Thursday, October 30, 2008

The television of our lives



In the sixties, the counterculture phrase "Turn on, Tune in, Drop Out" coined by the High Priest of LSD, Timothy Leary, was in fact saying to "Get stoned, abandon all constructive activity" and the rest would follow.

Today LSD actually stands for Liquid Screen Display and we have in a perverted way finally achieved Timothy Leary's wish. We turn on the television set, tune into a soap opera, the news, a film, a reality show and then we drop out. In 1974 Gil Scott -Heron already made the link between the power of television and what could be understood as the ultimate expression of reality, revolution. Do you remember this…?

The Revolution Will Not Be Televised
By Gil Scott-Heron

You will not be able to stay home, brother.
You will not be able to plug in, turn on and cop out.
You will not be able to lose yourself on skag
and skip out for beer during commercials,
Because the revolution will not be televised.

The revolution will not be televised.
The revolution will not be brought to you by Xerox
In 4 parts without commercial interruptions.
The revolution will not show you pictures of Nixon
blowing a bugle and leading a charge by John
Mitchell, General Abrams and Spiro Agnew to eat
hog maws confiscated from a Harlem sanctuary.

The revolution will not be televised.
The revolution will not be brought to you by the
Schaefer Award Theatre and will not star Natalie
Woods and Steve McQueen or Bullwinkle and Julia.
The revolution will not give your mouth sex appeal.
The revolution will not get rid of the nubs.
The revolution will not make you look five pounds
thinner, because the revolution will not be televised, Brother.

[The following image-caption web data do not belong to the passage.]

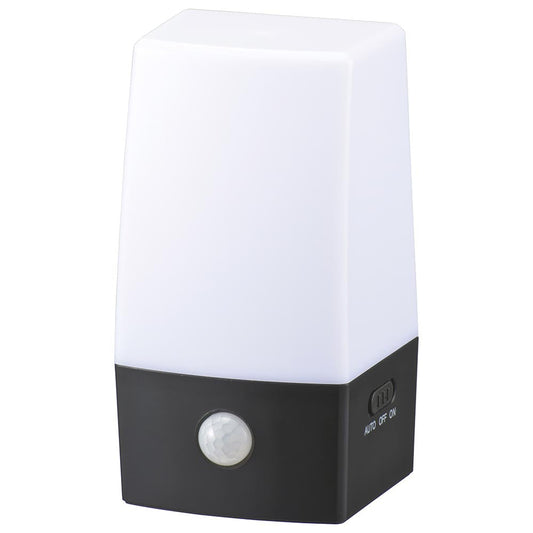 LEDポーチライト(210Lm/明暗+人感センサー/昼白色/防水仕様IPX4/単3形×6本使用)_06-0853_LS-B200JS-3_OHM(オーム電機)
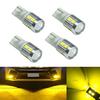 T10 2835 10SMD LED Золотисто-желтый 3000k 800лм 2Вт 2,5Вт 9В 32В 4 шт. Поворот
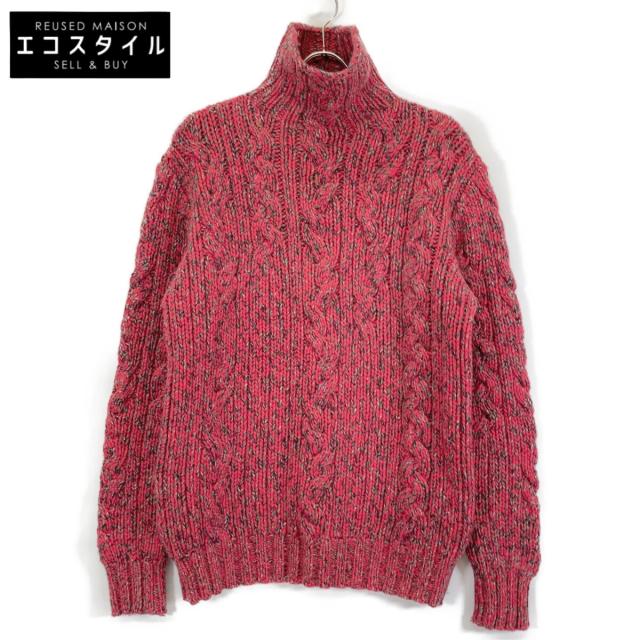 HERMES エルメス トップス L レッド メンズ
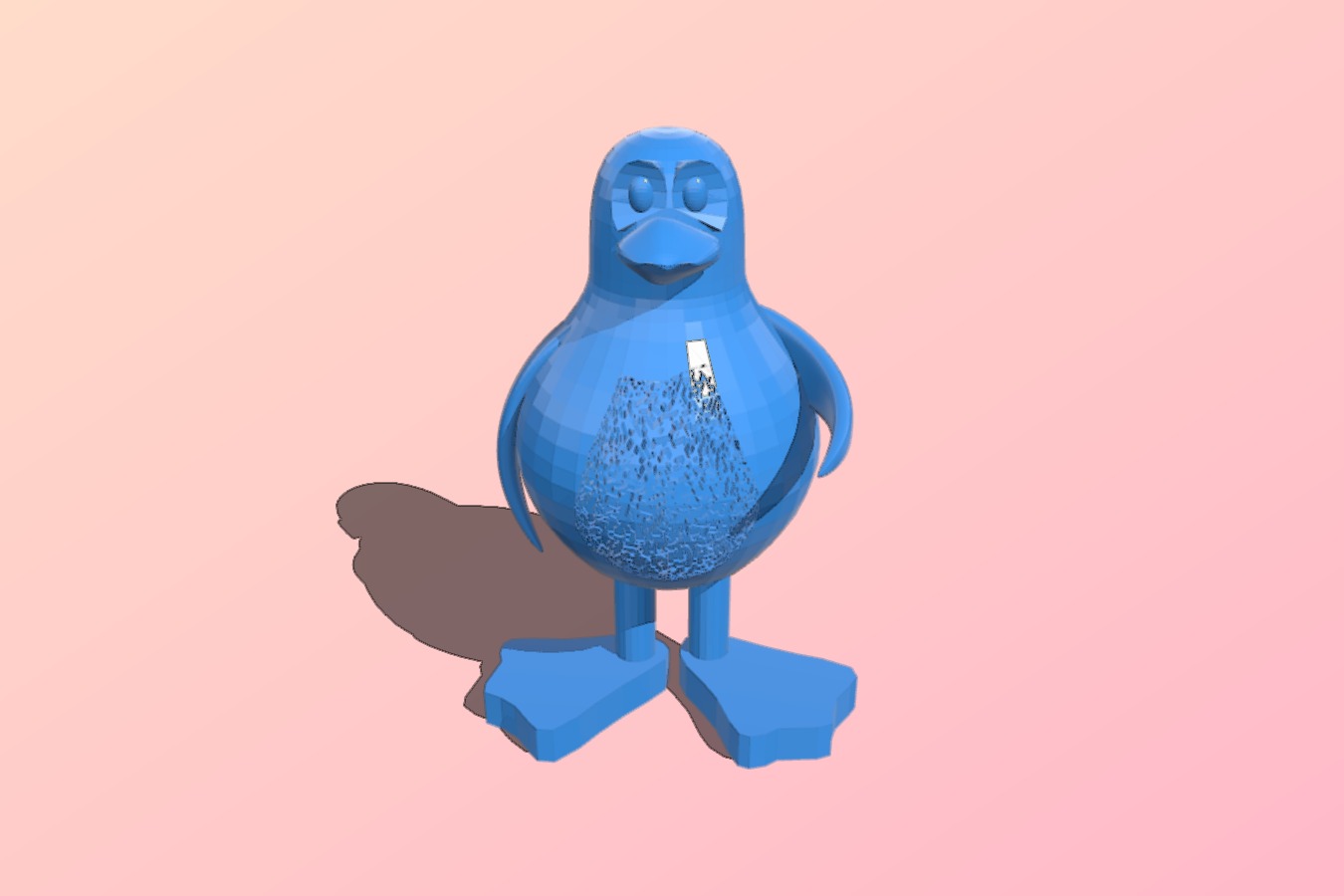 pinguin standing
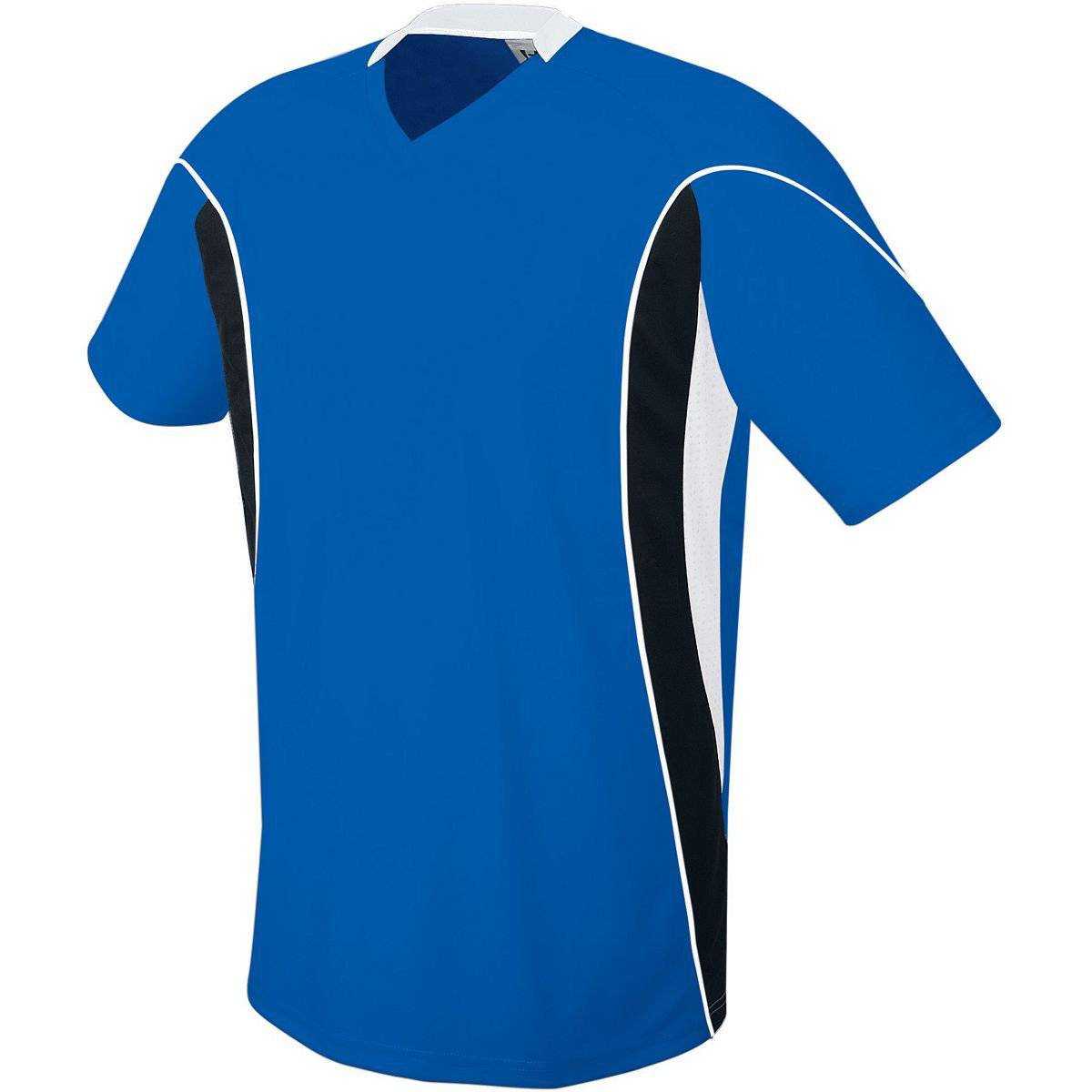 High Five 322740 Helix Soccer Jersey Adult - Royal Black White - HIT a Double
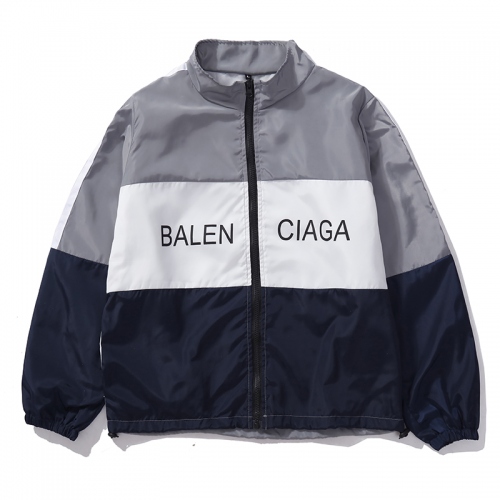 Balenciaga Windbreaker Long Sleeved For Men #421465 $82.00 USD, Wholesale Replica Balenciaga Coats &amp; Jackets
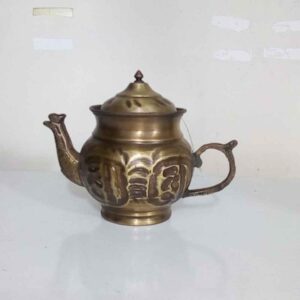 Persische Messing-Teekanne handgefertigt mit elegantem Gravurdesign Hakhamanesh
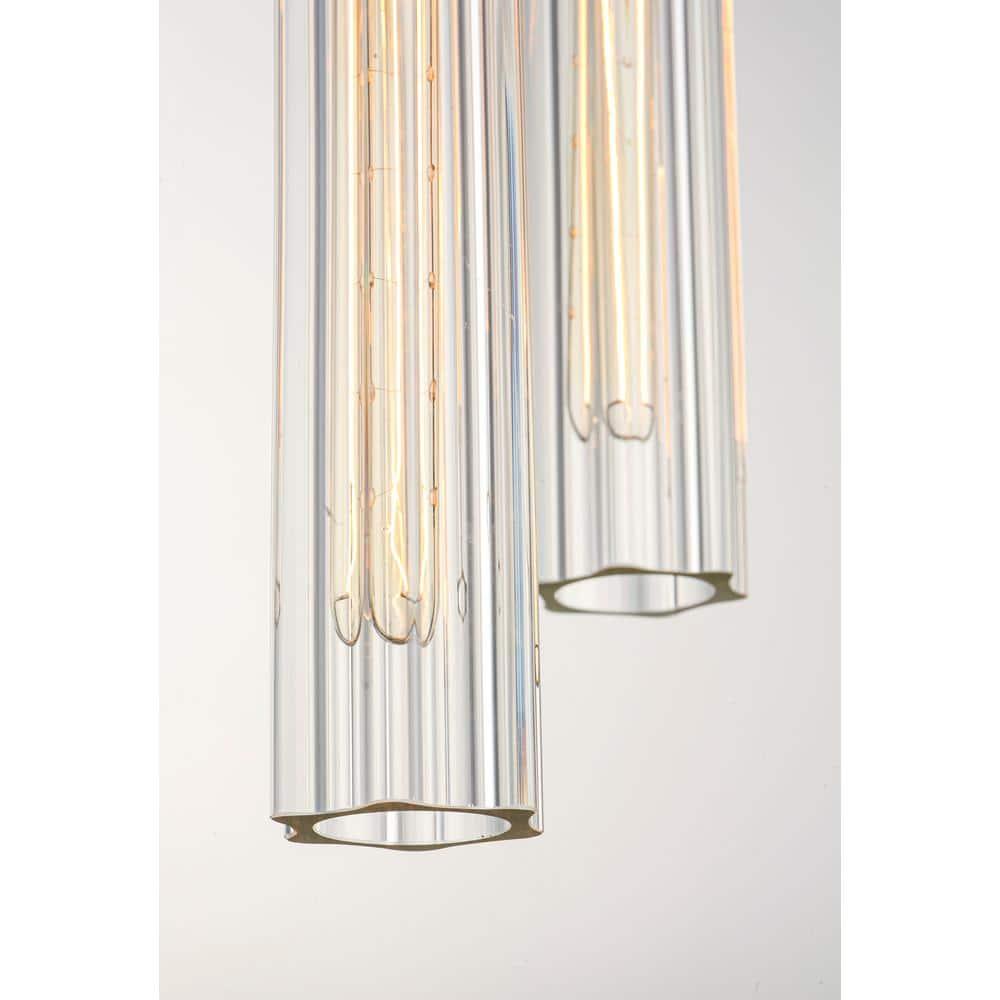 Maxim 16123CLBKAB 13 in. Flambeau 3 Light Black & Antique Brass Chandelier Ceiling Light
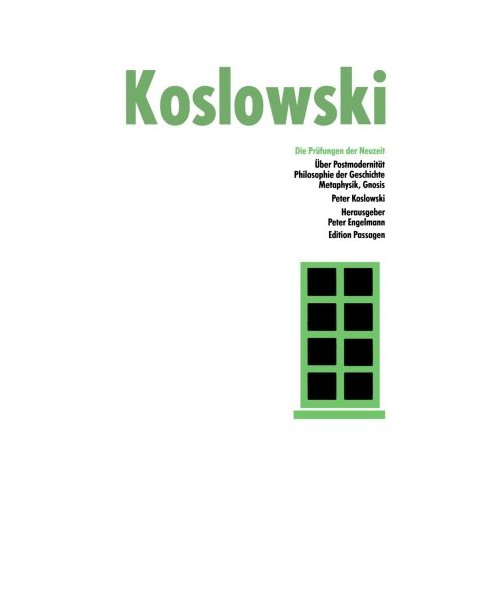 Die Prüfungen der Neuzeit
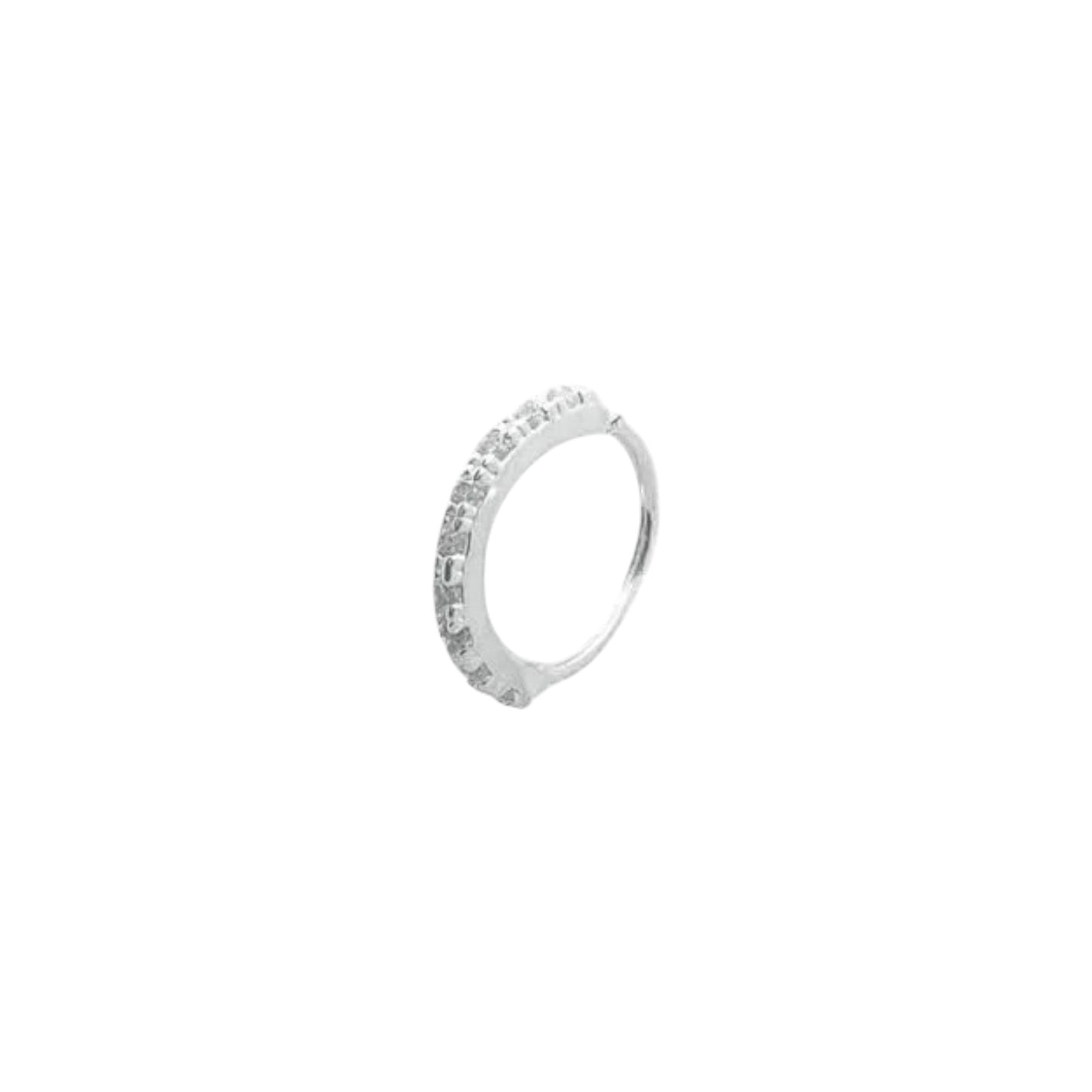 Piercing argola cravejada (Prata 925)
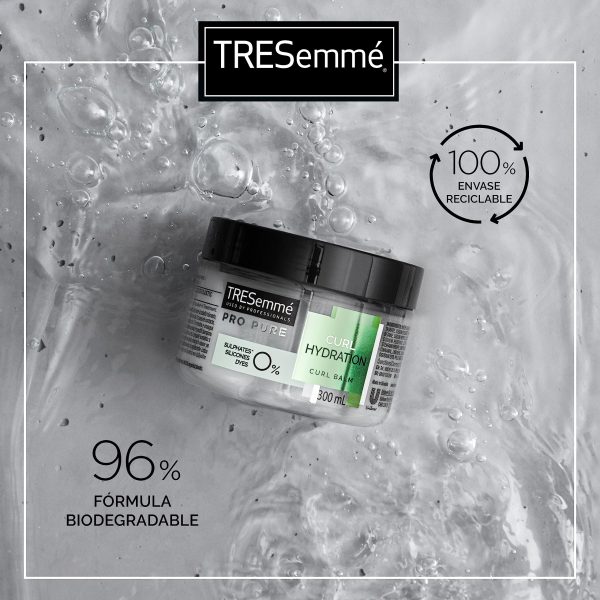 ماسک موی داخل حمام ترزمه بدون سولفات و آبرسان موی فر Tresemme Curl Hydration Balm حجم 300 میلی لیتر - Image 5
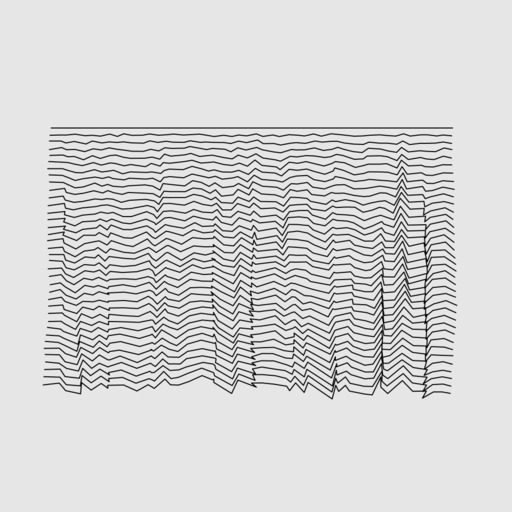 Example image of generative plotter art.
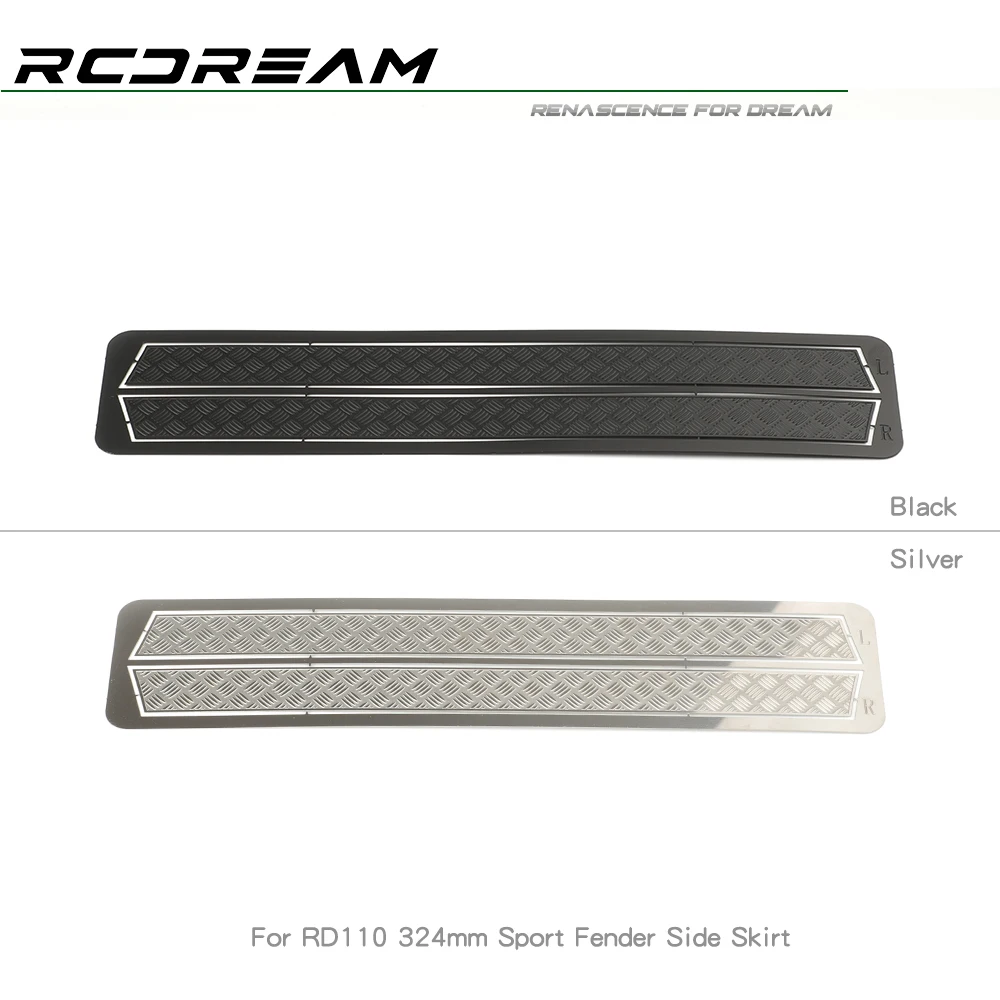 RCDream Stainless Steel Decorative Sheet for RD110 324mm Body Skirt Border Fender Upgrade Option Parts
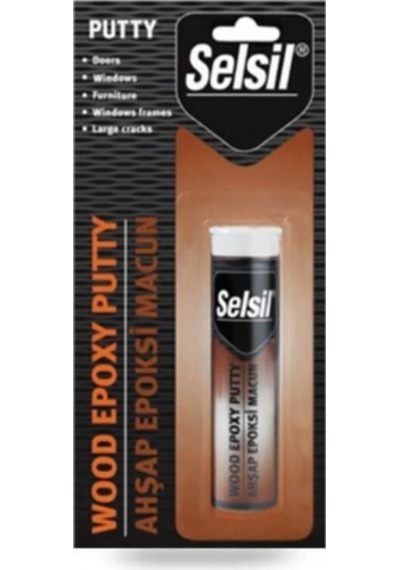 Selsil Epoxy 2 Bileşenli Macun Ahşap Yapıştırıcı 57 Gr Çok Renkli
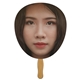 Elliptical Hand Fan Full Color (1 Side)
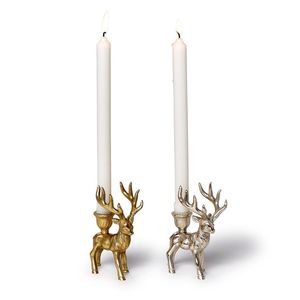 Small Refined Metal <b>Candle</b> <b>Holder</b> Ideal For Decorative Lighting Purposes Featuring Solid Frame And Polished Finish For Daily Use - Product Image 6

There will be no pictures of you and Willie May
pushing that shopping cart down the block on the dead run,
or trying to slide that color television into a stolen ambulance.
NBC will not be able to predict the winner at 8:32
or report from 29 districts.
The revolution will not be televised.

There will be no pictures of pigs shooting down
brothers in the instant replay.
There will be no pictures of pigs shooting down
brothers in the instant replay.
There will be no pictures of Whitney Young being
run out of Harlem on a rail with a brand new process.
There will be no slow motion or still life of Roy
Wilkens strolling through Watts in a Red, Black and
Green liberation jumpsuit that he had been saving
For just the proper occasion.

Green Acres, The Beverly Hillbillies, and Hooterville
Junction will no longer be so damned relevant, and
women will not care if Dick finally gets down with
Jane on Search for Tomorrow because Black people
will be in the street looking for a brighter day.
The revolution will not be televised.

There will be no highlights on the eleven o'clock
news and no pictures of hairy armed women
liberationists and Jackie Onassis blowing her nose.
The theme song will not be written by Jim Webb,
Francis Scott Key, nor sung by Glen Campbell, Tom
Jones, Johnny Cash, Englebert Humperdink, or the Rare Earth.
The revolution will not be televised.

The revolution will not be right back
after a message about a white tornado, white lightning, or white people.
You will not have to worry about a dove in your
bedroom, the tiger in your tank, or the giant in your toilet bowl.
The revolution will not go better with Coke.
The revolution will not fight the germs that may cause bad breath.
The revolution will put you in the driver's seat.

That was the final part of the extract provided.